All these photo prints started to live a life of their own in the end: a few albums at my sister’s, some at my grandparents, others at my place. And if losing them wasn’t an issue, it would only take one single disaster for our last access to those memories to disappear as well.
So I wanted to archive these moments, and at the same time make sure they were properly archived and where possible categorised. I knew a flatbed scanner can produce amazing results, but no way I’d ever manage to scan thousands upon thousands of pictures at a rate of a few minutes for each photograph. So I started to research batch photo scanners. Fortunately the universe aligned with my quest once more when I received a press release announcing the Epson FF-680W. Promising 30 scanned photos in 30 seconds, it sure got my attention. A few mails back and forth, a review sample got delivered to my front door.

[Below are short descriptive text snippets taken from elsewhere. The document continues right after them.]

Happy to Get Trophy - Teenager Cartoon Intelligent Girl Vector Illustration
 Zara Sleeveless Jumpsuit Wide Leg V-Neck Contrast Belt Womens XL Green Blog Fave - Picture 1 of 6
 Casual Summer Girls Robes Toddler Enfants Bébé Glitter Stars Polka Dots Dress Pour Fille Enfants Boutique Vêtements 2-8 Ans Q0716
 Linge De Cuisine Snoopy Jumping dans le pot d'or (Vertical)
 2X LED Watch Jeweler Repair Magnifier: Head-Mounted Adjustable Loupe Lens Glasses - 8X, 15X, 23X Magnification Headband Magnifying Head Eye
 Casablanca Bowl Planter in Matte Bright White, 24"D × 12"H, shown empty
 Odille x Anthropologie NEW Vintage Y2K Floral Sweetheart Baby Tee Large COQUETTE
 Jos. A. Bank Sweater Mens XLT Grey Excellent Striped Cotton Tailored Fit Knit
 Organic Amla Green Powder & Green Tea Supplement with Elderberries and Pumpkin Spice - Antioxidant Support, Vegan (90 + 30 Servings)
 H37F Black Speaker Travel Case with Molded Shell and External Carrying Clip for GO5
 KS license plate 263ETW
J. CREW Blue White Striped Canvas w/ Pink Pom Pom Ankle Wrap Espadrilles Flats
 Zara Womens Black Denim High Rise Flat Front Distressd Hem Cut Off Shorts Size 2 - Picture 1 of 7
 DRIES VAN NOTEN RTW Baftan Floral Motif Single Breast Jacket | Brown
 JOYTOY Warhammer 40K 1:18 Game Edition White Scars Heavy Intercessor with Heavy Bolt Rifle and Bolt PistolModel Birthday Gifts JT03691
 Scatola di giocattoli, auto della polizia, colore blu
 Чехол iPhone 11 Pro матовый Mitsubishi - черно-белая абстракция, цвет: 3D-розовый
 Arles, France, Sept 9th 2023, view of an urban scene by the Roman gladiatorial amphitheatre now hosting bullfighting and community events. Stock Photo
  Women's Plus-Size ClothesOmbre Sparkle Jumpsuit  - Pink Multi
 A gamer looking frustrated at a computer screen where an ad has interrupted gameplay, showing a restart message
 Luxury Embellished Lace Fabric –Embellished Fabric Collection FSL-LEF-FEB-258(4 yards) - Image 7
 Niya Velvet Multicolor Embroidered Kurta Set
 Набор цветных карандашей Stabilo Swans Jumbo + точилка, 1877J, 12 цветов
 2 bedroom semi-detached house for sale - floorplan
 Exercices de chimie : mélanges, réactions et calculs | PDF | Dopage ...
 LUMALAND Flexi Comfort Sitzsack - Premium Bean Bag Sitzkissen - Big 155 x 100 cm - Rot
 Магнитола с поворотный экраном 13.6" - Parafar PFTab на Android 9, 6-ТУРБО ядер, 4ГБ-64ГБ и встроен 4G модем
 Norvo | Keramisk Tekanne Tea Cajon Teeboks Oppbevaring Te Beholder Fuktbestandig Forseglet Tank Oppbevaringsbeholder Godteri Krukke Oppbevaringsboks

I eagerly unboxed the scanner and had my mom and sister deliver a plethora of folders, boxes and albums full of pictures. The installation of the scanner couldn’t be simpler. In less than 5 minutes I had a WiFi scanner shining on my desk. It features a clean black design that can be folded open for operation. There’s only a few easy buttons. When you’re done, you just close it down in a single movement, making it a beautiful and compact thing – for a scanner that is.
But, apart from the pretty nice design, the software truly exceeded any expectations. I just had to stack a batch of photos in the scanner’s tray and got queried to add some basic metadata like subject and date. This could vary from rough decades to a specific month. I then had the option to scan the back side as well, as this scanner features dual optics. I hit the Scan button and boom!
At first it felt like the scanner was just devouring the photos and spitting them out at the bottom without even looking at them, but I couldn’t be more wrong. This wasn’t just scanning, because all the processing happened really fast and the results came out correctly. Images were even automatically rotated, orientated and more.
I found the images had a crisp and high quality – certainly high enough for my archiving purposes. Of course it doesn’t have the same lattitude as a film scan, but when all that you have left are prints, this scanner still delivers a more than decent result and a great digital copy.
On top of all that, the software also added correct metadata, which is even greater when you add these scans to your photo systems like Photos, Lightroom, Google Photos or others.
And even there the powerhouse doesn’t stop. The Epson FF-680W also revealed itself as a perfect scanner for business purposes when scanning documents like invoices or even grocery receipts. Put in a two foot long receipt and it just slides through, automatically adding that it’s indeed a receipt, reading the document to search for a date, and applying that to the file. In my busy life, that feature alone makes its price worth the wile.
Now, how about any downsides? Of course there are some. Processing a few batches of photos at once can take a while for example, and scanning a batch of documents leads to … a single large PDF file. Pictures on the contrary are nicely separated into different files. But, at this point maybe I should point out that the software offers a lot of options, and I’m sure I haven’t managed to get through them all.
The scanner works best with photos in a box. When you have photos which were pasted in an album it can have an issue with leftover bits of glue.
Also, when scanning a consecutive batch, it would be nice to add a small time offset. Let me explain this. I always rename my photos to KVDS-YYYYMMDD-HHMMSS. However, all scans are set to exactly the same time, making sorting based on time a mess. Setting them at 12:00:01 for the first, 12:00:02 for the second, etc, would make my life easier. But hey, maybe I’m just power-user nitpicking here. Regular users won’t have that problem at all.
To conclude this story, if you’re looking for a scanner that is both great with photos and devours all your paperwork in a matter of seconds, then the Epson FF-680W is what you’re looking for. In fact, when I had to send back my review machine, I immediately bought one for myself. That’s the level of good we’re talking about.
EPSON FF-680W is available for €599.